Merak ve aşk olmadan hiçbir şey olmuyor
Aile ve çevrenizde Klâsik Türk İslâm Sanatları ile ilgilenen kimse var mı idi?
O yıllarda ailem değil, çevrem değil Erzurum'da, 'Hat' kelimesini bilen yok. 'Ebru' nedir bilen yok. Öyle bir ortamdayız. Tıbbiyede öğrenci iken, kitap okumaya meraklıydım. Kışın ders zamanları fakülteye pek uğramam, tabii ki, derslerin çoğundan devam mecburiyeti var, ikmâle kalırdım. Yazın oturur bir ay çalışır, dersleri toparlar verirdim. Demek ki, ruhumuz başka birşeyler ile meşguldü. O aralar, 'Kâlem Güzeli' isimli bir kitap yayınlanmış. Uğur (Derman) Bey hazırlamış. Ben ise bilim adamı olacağım ya, liseli yıllarda atom fizikçisi olmak isterdim. 'Bilim ve Teknik' dergisinin ilk sayısından itibaren alanlardanım. Aslında başarılı bir öğrenciydim ve üniversite sınavında da başarılı oldum. Ama 8 kardeşiz ve Erzurum'da, atom fizikçiliği yok, ailemin Erzurum dışarsında, okutacak gücü de yok. Ve sonuçta girdik tıpba. Niyete bak, gayrete bak ama bir de âkîbete bak. Hayatımızın özeti budur. O, ne demiş ise, o oluyor. 1976 senesindeki işte, o kitapta (Kalem Güzeli), Neyzen Emin Efendi'nin, bir şaheser istif üzere yazdığı, 'Şüphesiz ki, sen büyük bir ahlâk üzeresin', hâkikaten şaheser bir yazı idi. Özellikle onu hatırlıyorum, o çizgiler, o kompozisyon, beni almış, götürmüş bir yerlere. İşte o an, Cenâbı Hâk, bu âşkı gönlümüze düşürdü ve vazife başına, marş marş dedi. İşte o zaman, kendime vazife edindim ki, Cenâb ı Hak da, bir işi birine nasib edecekse, önce merak ve aşkı gönlüne düşürür. Diğer herşey, onun peşine dayanıyor. Şimdi aşk; bir fabrikanın çalışması için, ekipmanlar, personel filan değil. Oranın çalışması için gerekli olan, enerji ki, aşk öyle bir şey. Şimdi, personel olsa da çalışmıyor. Merâk ve aşk olmadan hiçbir şey olmuyor. Ve görevi üstlendik. Önce yazı. Tabi daha sonra öğrendim yazıda, bir Hamid Bey (Aytaç), Ebru'da ise, Mustafa Düzgünman'ın ismini öğrenebildim. İkisi de, İstanbul'da. Bu iki isim de, bu işin son adamları. Ve bu zaatlara yetişmem lazım diyerek, mesleği bırakmaya karar verdim ve tıp eğitimimi sonlandırdım.

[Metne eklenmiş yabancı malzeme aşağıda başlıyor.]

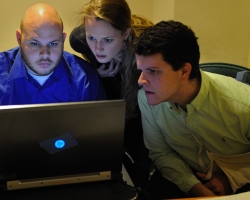 University of Mississippi students Andrew Henning (left), Kristen Vise and Mitchell Hobbs look at some of the first images rendered of the 'Archaionomia' over spring break at the Folger Shakespeare Library. UM photo by Robert Jordan.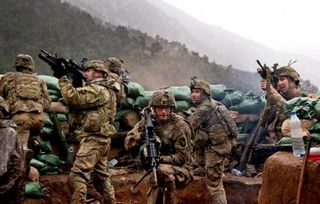 Soldiers with 2nd Battalion, 327th Infantry Regiment, 101st Airborne Division, return fire during a firefight with Taliban forces in Barawala Kalay Valley in Kunar province, Afghanistan, March 31, 2011.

İstanbul'a gitmeye karar vermek, zor bir karar değil miydi? O dönemde, nasıl bir kültür muhitinde bulundunuz?
Tabii ki zor bir karar ve İstanbul'da hiçbir tanıdığım yok, bir gelirim yok, nerde kalırım, ne yerim, ne içerim? Bu manada Hamit Bey ile hayatım paralel gidiyor. İşte geldim İstanbul'a ve hiçbir şey düşünmedim ki, rızık Allah'dan. Geldik yokluklar, sıkıntılar içinde çabaladık, çalıştık, gayret ettik. Baktık ki, bu gün 41 yıl geçse de, hâla öğreniyoruz... Ama İstanbul'a ilk geldiğim yıllarda, o devrin farklı sahalarındaki, hocaları ile görüştük, derslerine, muhabbet meclislerine iştirak ettik, istifade etmeye gayret ettik. Emeklerini, hizmetlerini unutmak mümkün değil... Allah hepsine rahmet eylesin. Üzerimizde çok büyük hakları var. Necmeddin (Okyay) Hoca 1976'da, Halim (Özyazıcı) Hoca 1964'de rahmetli oldular ve onlara ulaşamadığıma çok eseflenirim.
Hocalarla tanışma
Hat ve Ebru sanatları başta olmak üzere, hangi hocalardan istifade ettiniz?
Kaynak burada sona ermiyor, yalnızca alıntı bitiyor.